Norton 2000 loads from a CD-ROM, so it can't easily be used on older PCs. We tried it out on Microsoft's Windows 95, 98 and NT systems. Unfortunately, it can't be used with DOS or Windows 3.x.
Up to date
The complete package loaded in less than 8MB of hard drive space, but we added almost another megabyte by using the included LiveUpdate to download the most recent year 2000 data files from Symantec's Web site. You'll need an Internet connection for this step, which is essential to keeping Norton 2000 up to date.
Norton 2000's first task was to create a bootable diskette for testing the BIOS clock and fixing it with a memory-resident program if needed. Booting from a diskette is the only safe way to test the clock for handling year 2000 dates. That's because if certain applications see that the current date is in the next century, the licences might be set to expire permanently.
As far as the BIOS clock is concerned, computers made after 1996 generally will roll over from 12/31/1999 to 1/1/2000 with no problem while turned off, whereas older PCs often roll over to an incorrect date. However, the date can then be set to 1/1/2000 manually with no problem. The century should stay at 20 permanently. Users with those very few PCs that have a complementary metal oxide semiconductor real-time clock that cannot be reset manually can flash their BIOS, buy a new motherboard, buy an Industry Standard Architecture adapter card with a BIOS on it or apply a software patch to the BIOS. Note that on networked PCs, the redirector software in the client PC will set the PC's clock to the file server's clock, no matter what had been in the PC's clock.
After finishing the clock test, we got down to the real task of scanning applications and data. The package includes a wizard, but we preferred to do scans manually. The user interface is easy to use, with helpful descriptions that appear when you click on objects. The manual is well written but largely unnecessary. At the completion of the first scan, we had printed 11 pages of information on year 2000 problems, most of which were unknown to us. A distressing number concerned Microsoft operating systems and applications.
To make this list easier to handle, reports can be condensed or lengthy. On screen, reports are arranged in a tree structure, and each section can be expanded as desired. Although the package doesn't provide a direct method for downloading year 2000 patches from software vendors, it displays a lightning-bolt icon leading to a vendor's site from which an update can be downloaded.

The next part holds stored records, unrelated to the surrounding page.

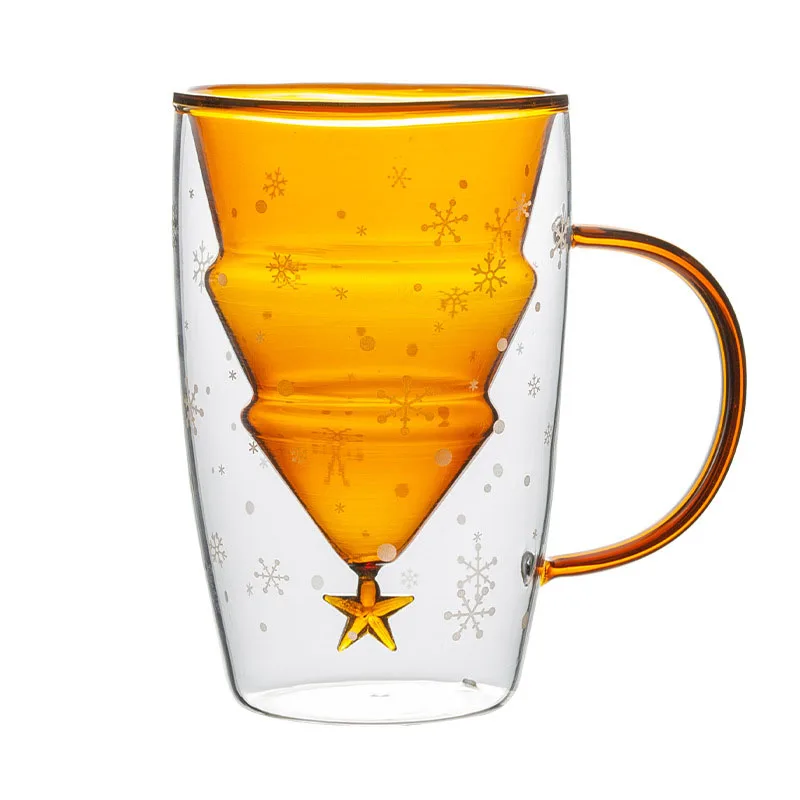 
Simple Style Colored Double Glass Christmas Tree Coffe Water Tumbler Cup 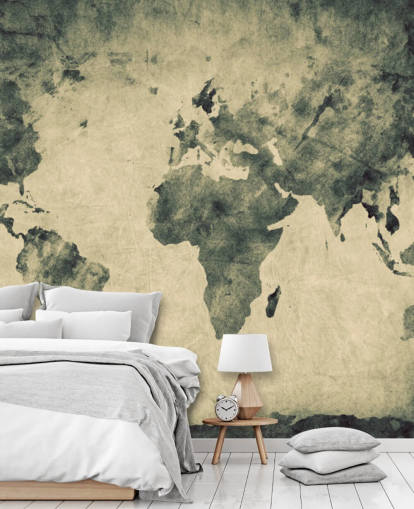 Charcoal Effect World Map Mural Charcoal Effect World Map Mural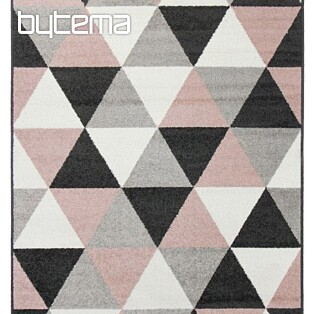 Darab szőnyeg LOTTO háromszögek fekete / rózsaszín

A common year 2000 problem occurs where applications place the cusp point, that is, the dividing line where two-digit dates are considered to be either in the 1900s or the 2000s. Even different versions of the same application might have different cusp points. For example, Microsoft's Excel 95 interprets the two-digit dates 00 to 19 as 2000 to 2019 and all other two-digit dates as being in the 1900s. Excel 97's cusp point is later; it interprets two-digit dates 00 to 29 as 2000 to 2029. So if you enter a date in Excel 95 as "20", it will be interpreted as 1920. But in Excel 97, "20" will be interpreted as 2020. With the Norton 2000 printout, we could view a complete list of the rules used by our applications.

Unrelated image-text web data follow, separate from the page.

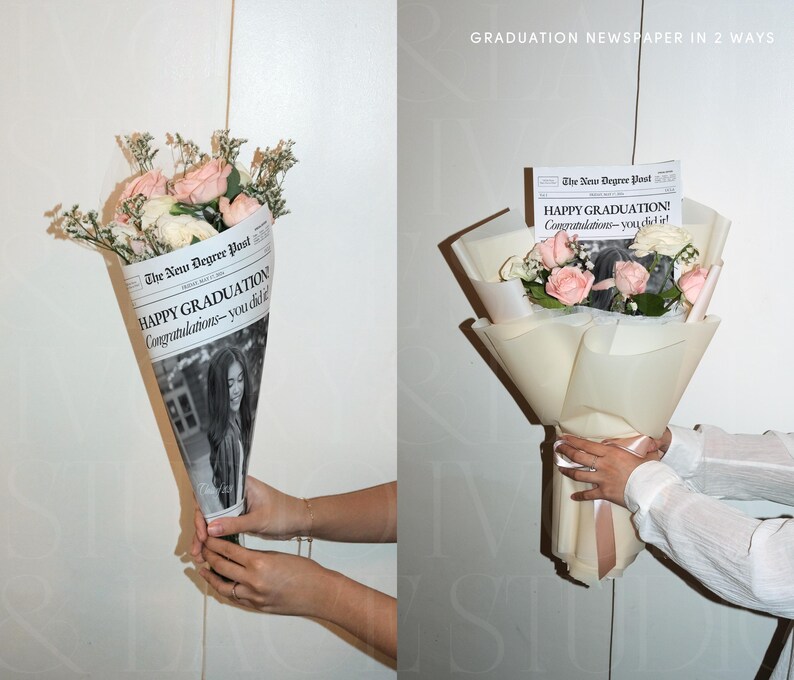 Graduation Newspaper Template, Editable Flower Bouquet Wrap Newspaper For New Graduate, College Senior 2026 Gift, Canva Template, 044 image 8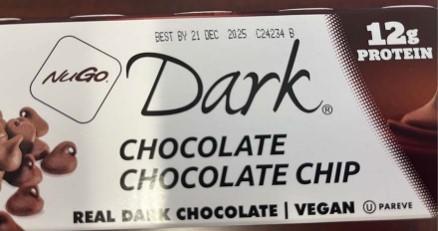 Image of outer box NuGo Dark Chocolate Chocolate Nutrition Bar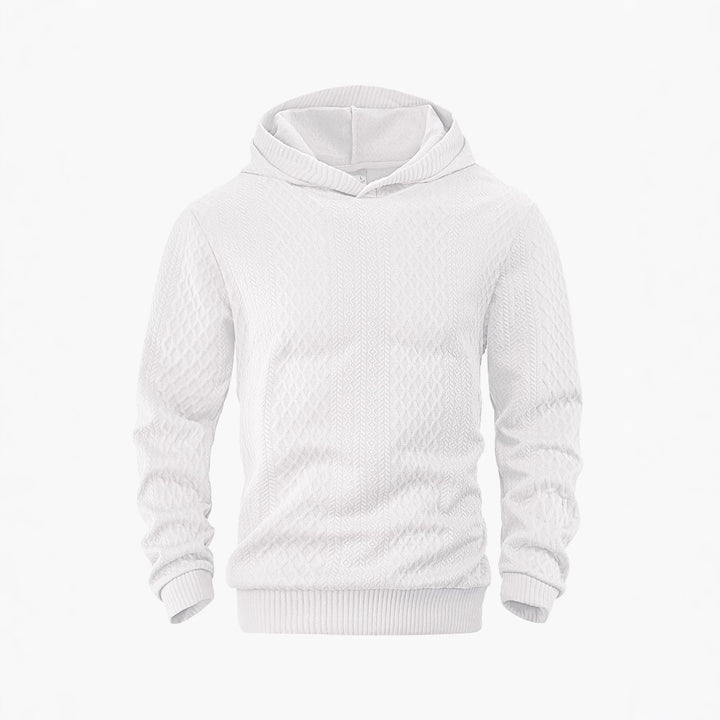 Herren nan strukturierter Schlauchkragen-Pullover mit Kapuze und Waben-Jacquard Drune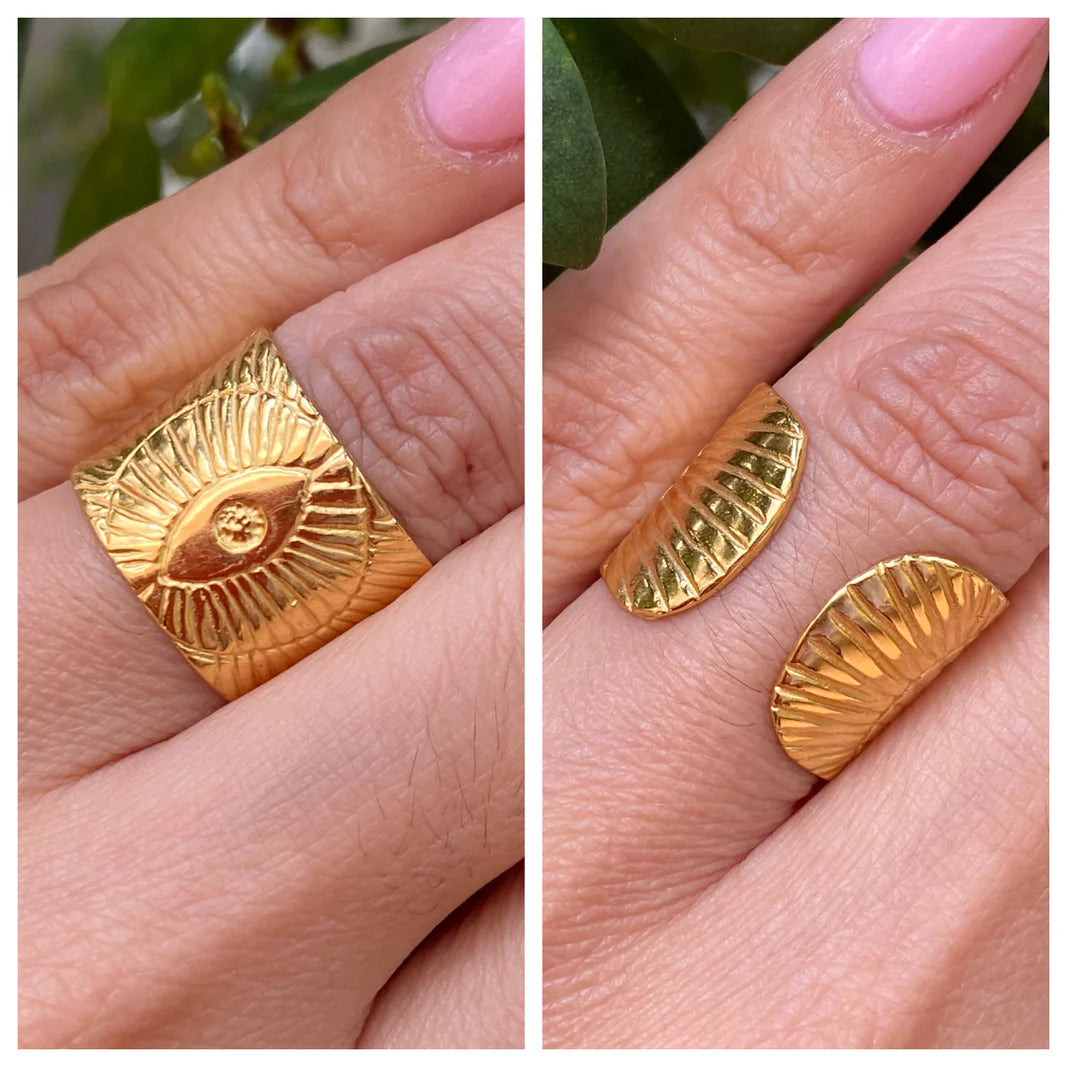Evil Eye Sunrays Adjustable Ring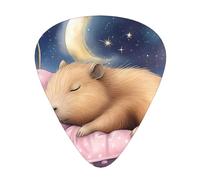 Capybara On The Moon Lot de 12 médiators avec boîte de rangement, 3 épaisseurs 0,46/0,71/0,96 mm, médiators en ABS pour guitare, ukulélé, basse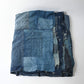 Vintage old Japanese Boro indigo cotton futon cover with mends.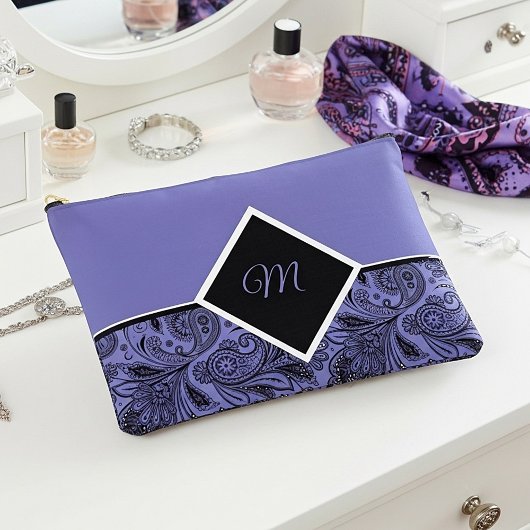 Pochette À Accessoires Monogramme paisley noir et péri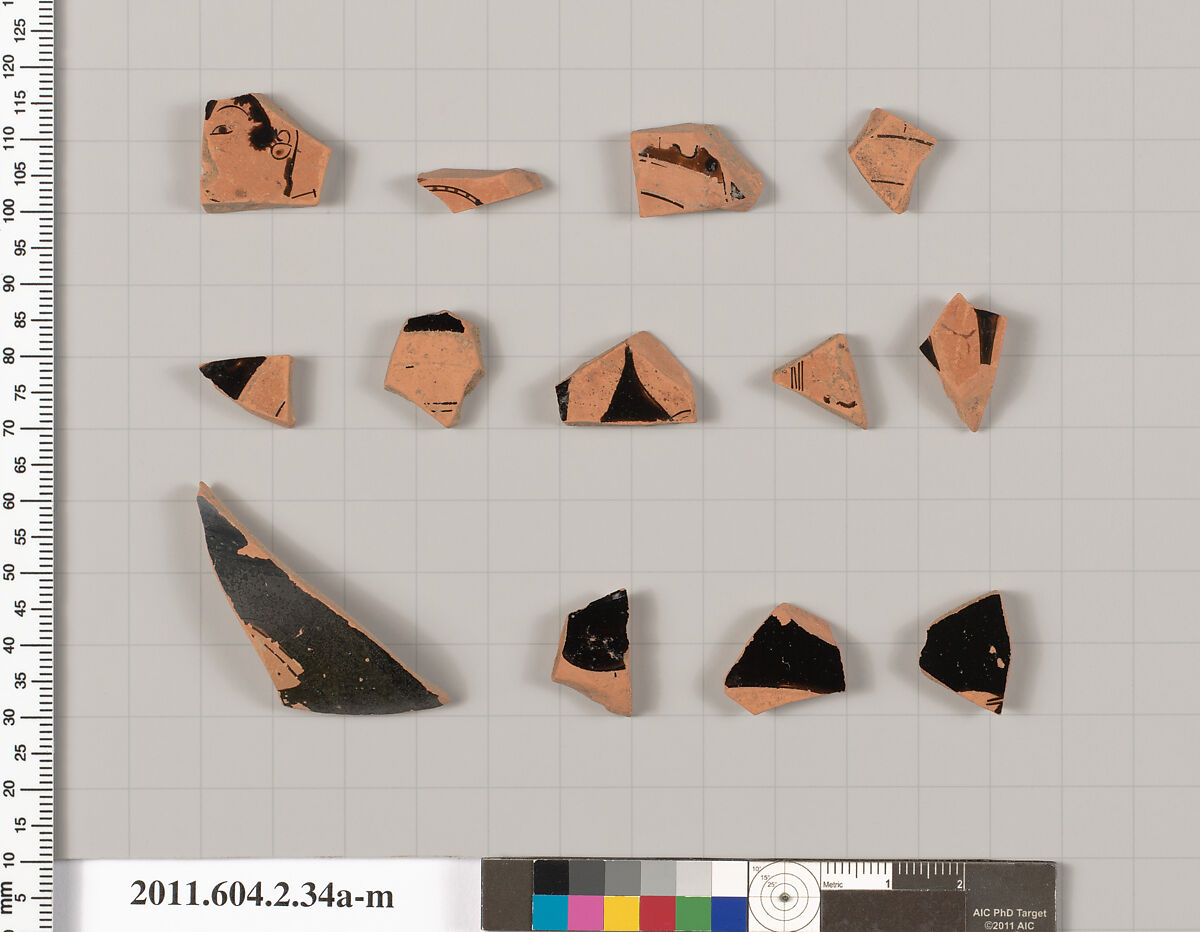 Terracotta fragments of a psykter? (vase for cooling wine), Terracotta, Greek, Attic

Scans of our database and spreadsheet data files caught many issues, ranging from severe problems to mere warnings. If you have Excel 5.0 or later, Norton 2000 provides a colour-coded, annotated display of the spreadsheet cells. The spreadsheet analyser examined Visual Basic source code and macros embedded in the Access and Excel data.
An analyser for unstructured data is included, and we tested it with a text file containing names and dates. It quickly pointed out minor date problems, but scanning options were limited. The Corporate Edition enables users to make customised date-form specifications.
Norton 2000 is worth the price, but network administrators will find it worthwhile to spend the extra dollars for the Corporate Edition. The Corporate Edition enables administrators to deploy Norton 2000 over a network. While you can copy files from the server to your local drive for scanning, the retail version of Norton 2000 will not allow you to directly scan the networked drives. The Corporate Version contains reporting, management and data storage options that you will find necessary in a networked environment.
The Bottom Line
Norton 2000 detects an enormous number of year 2000 bugs in data and applications. Many of these problems are unlikely to be detected by a visual check. While the retail version is adequate for stand-alone PCs, networked users will need the Corporate Edition.
Price: The retail version is $79. The Corporate Edition is available from $79 per seat for 10 to 24 users, purchased with the Media CD for $35, with prices decreasing the greater the number of users.